Instructions to follow
Copy, word for word, the lines below from the one containing "AMERICAN VILLAGE - Residential" up to and including the one containing "Studio, 1 Queen Bed with Sofa bed, Fireplace", with pictures left out.

Source material
__________________________________________________

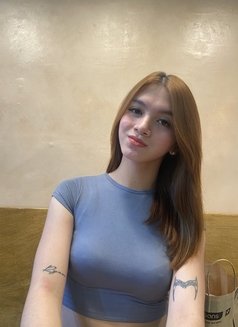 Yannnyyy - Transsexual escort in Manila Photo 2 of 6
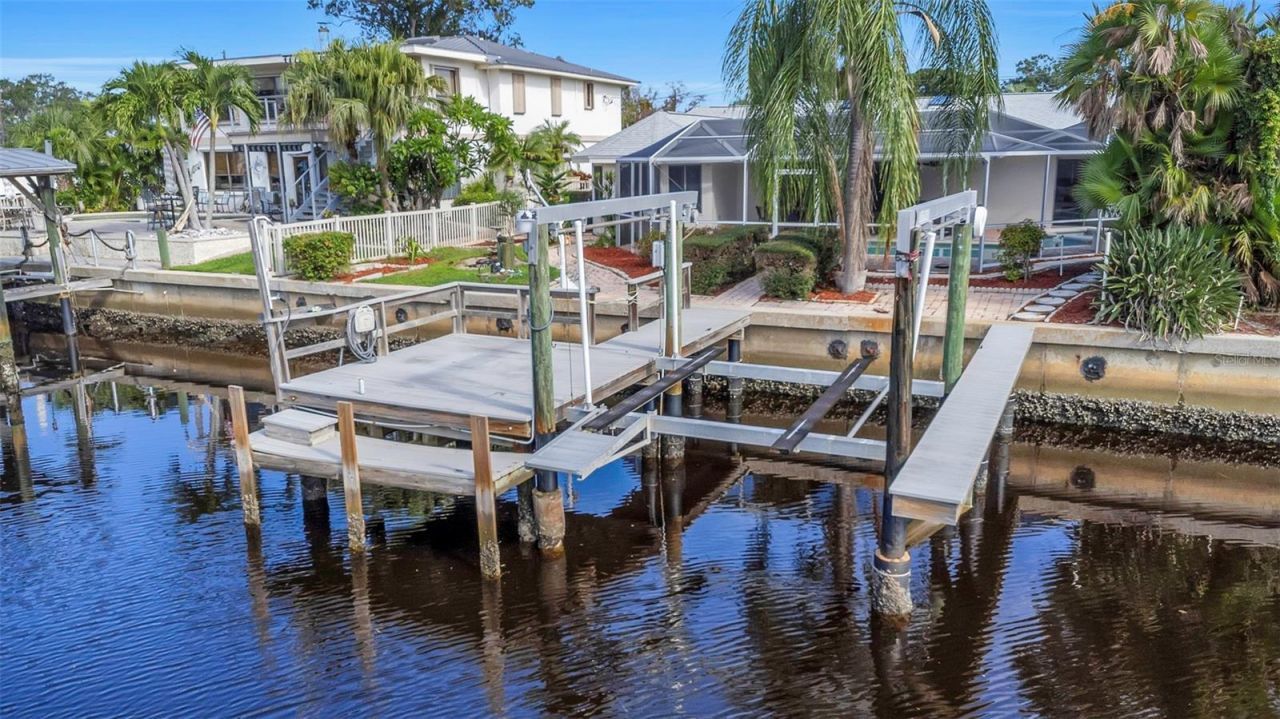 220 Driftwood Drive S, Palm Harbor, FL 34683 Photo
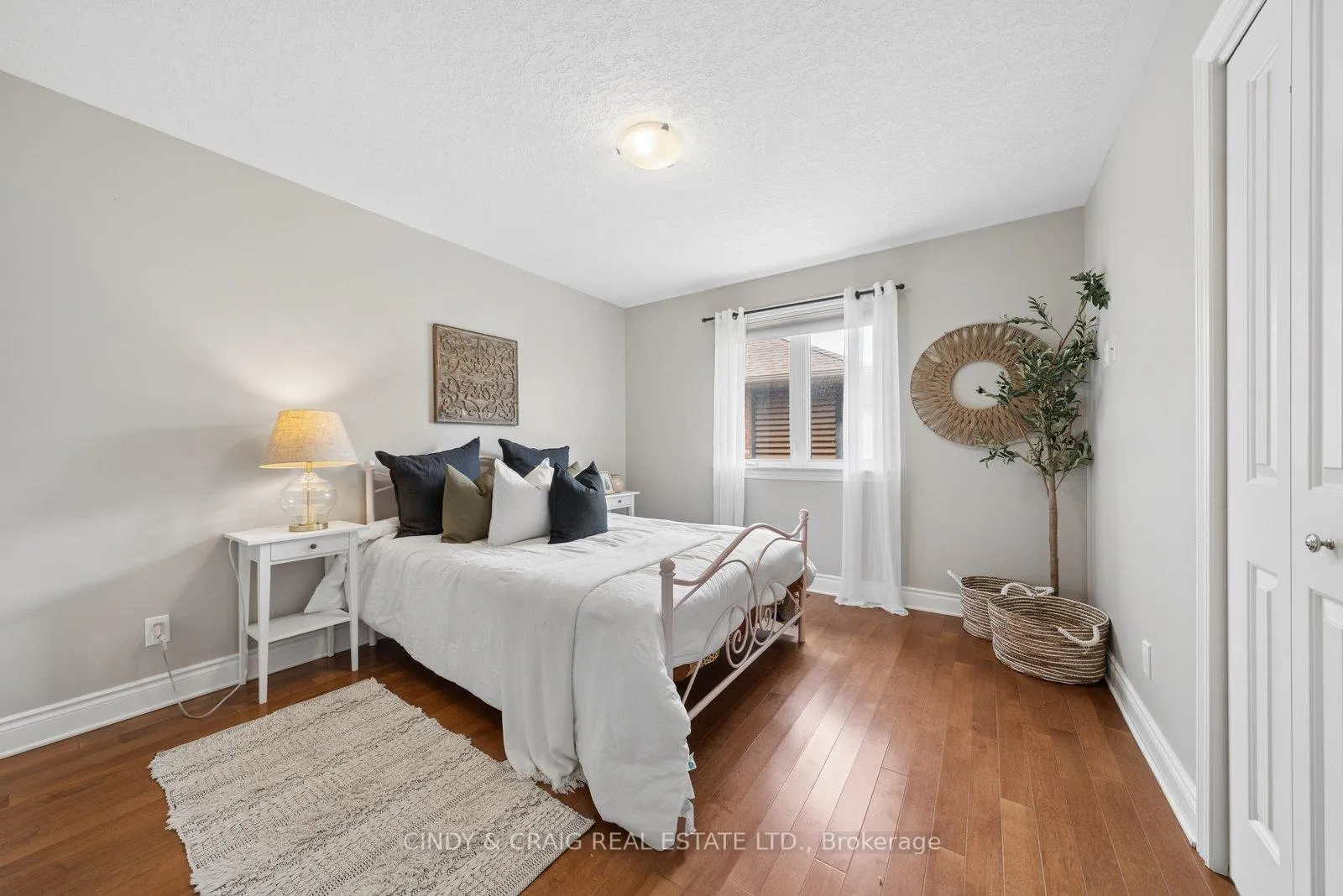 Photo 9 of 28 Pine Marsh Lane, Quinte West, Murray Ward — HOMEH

__________________________________________________

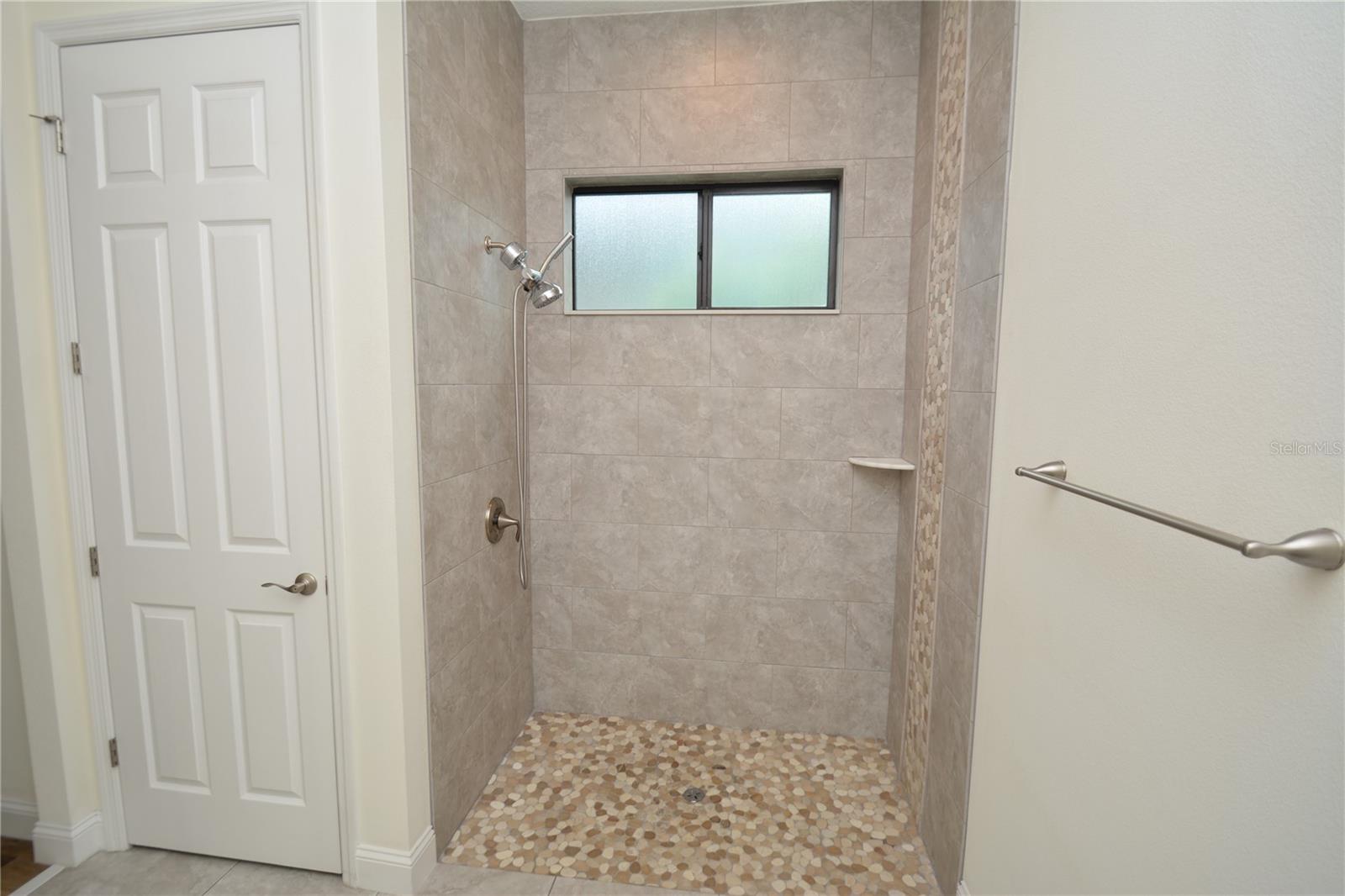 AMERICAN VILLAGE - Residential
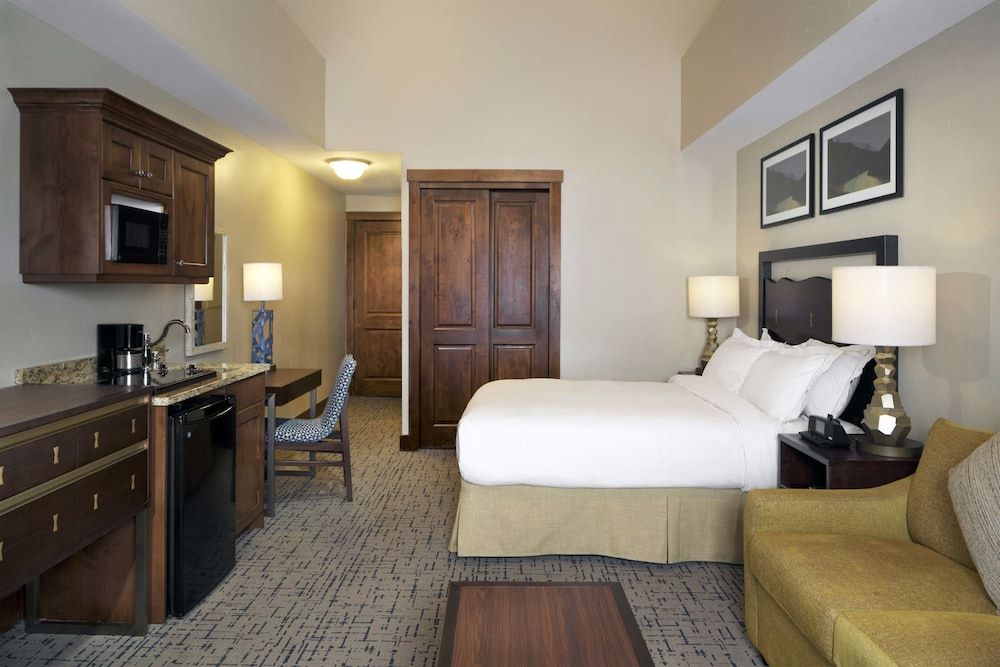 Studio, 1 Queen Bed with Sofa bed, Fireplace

__________________________________________________

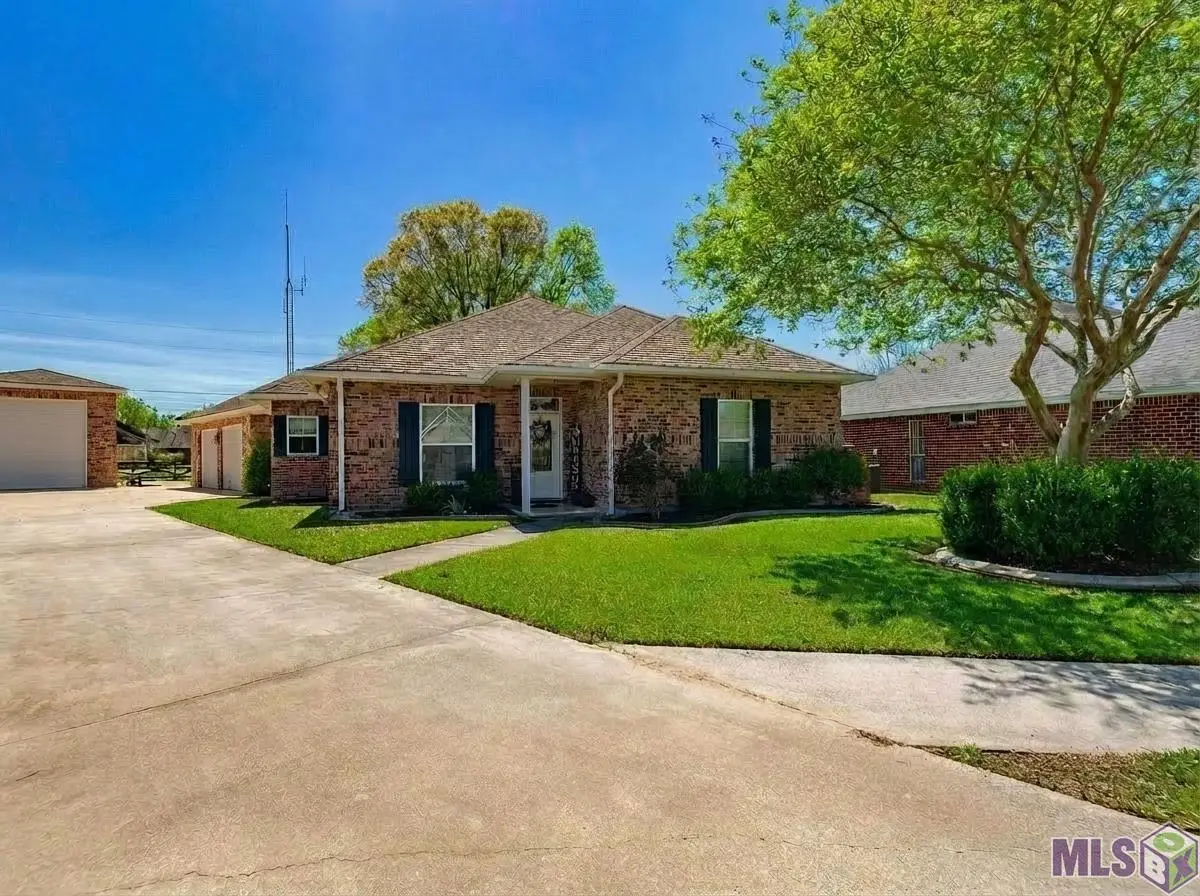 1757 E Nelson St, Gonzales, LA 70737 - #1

__________________________________________________

Exercise result
 AMERICAN VILLAGE - Residential
 Studio, 1 Queen Bed with Sofa bed, Fireplace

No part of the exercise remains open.